◆ WORK ORDER ◆
Return the lines of the listing below exactly as they appear, beginning at the one with "A photo of a" and stopping after the one with "A dark blue, lightweight"; do not include pictures.

◆ SUPPLIED MATERIAL ◆
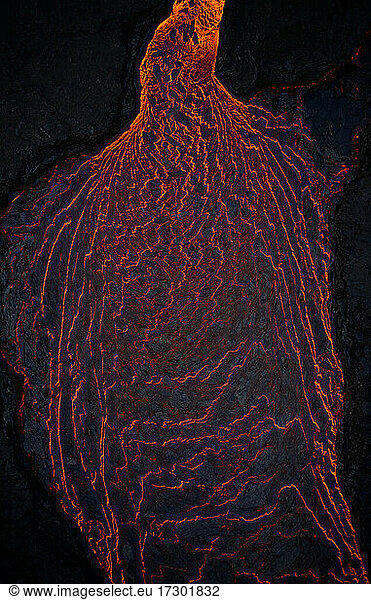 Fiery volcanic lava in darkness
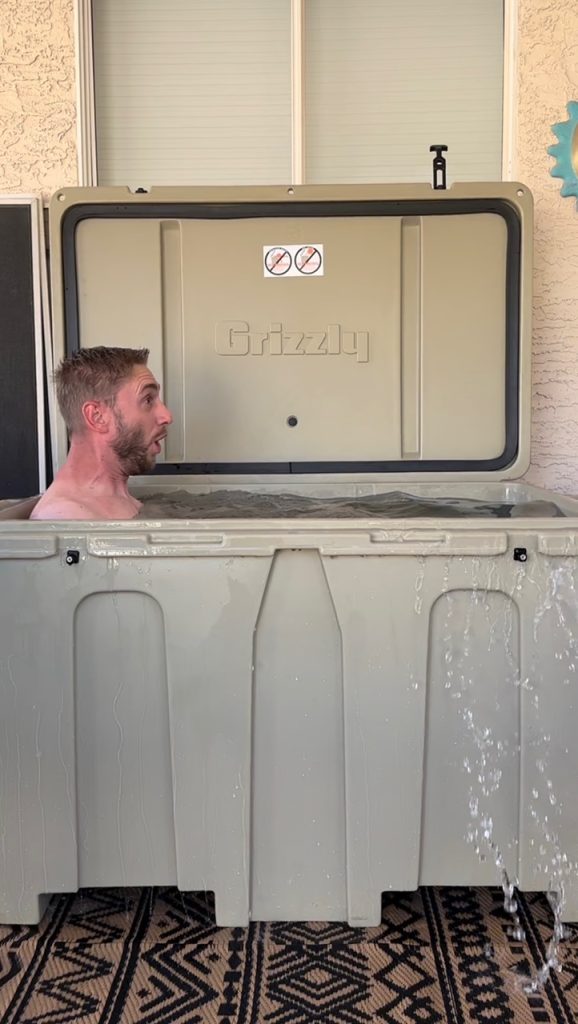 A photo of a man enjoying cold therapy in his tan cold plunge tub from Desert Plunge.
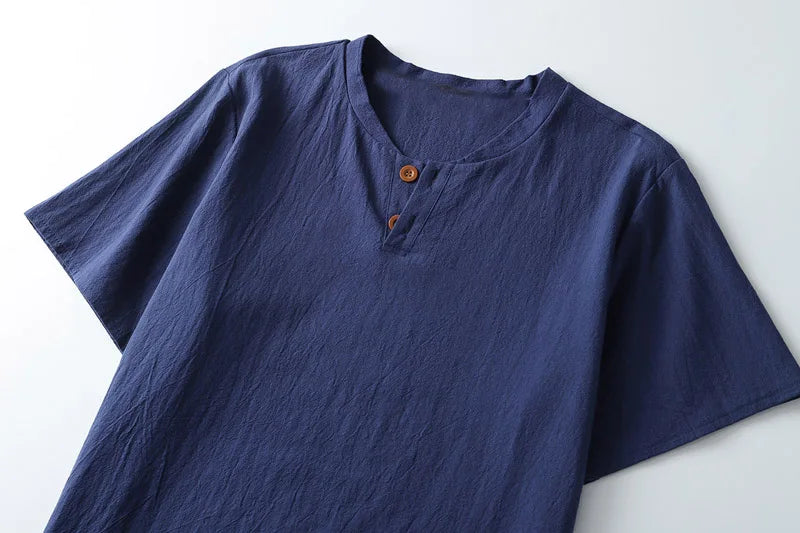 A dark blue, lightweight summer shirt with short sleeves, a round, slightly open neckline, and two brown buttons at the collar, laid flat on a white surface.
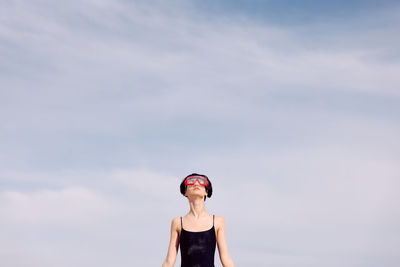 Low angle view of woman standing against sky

◆ RESULT OF THE TASK ◆
 A photo of a man enjoying cold therapy in his tan cold plunge tub from Desert Plunge.
 A dark blue, lightweight summer shirt with short sleeves, a round, slightly open neckline, and two brown buttons at the collar, laid flat on a white surface.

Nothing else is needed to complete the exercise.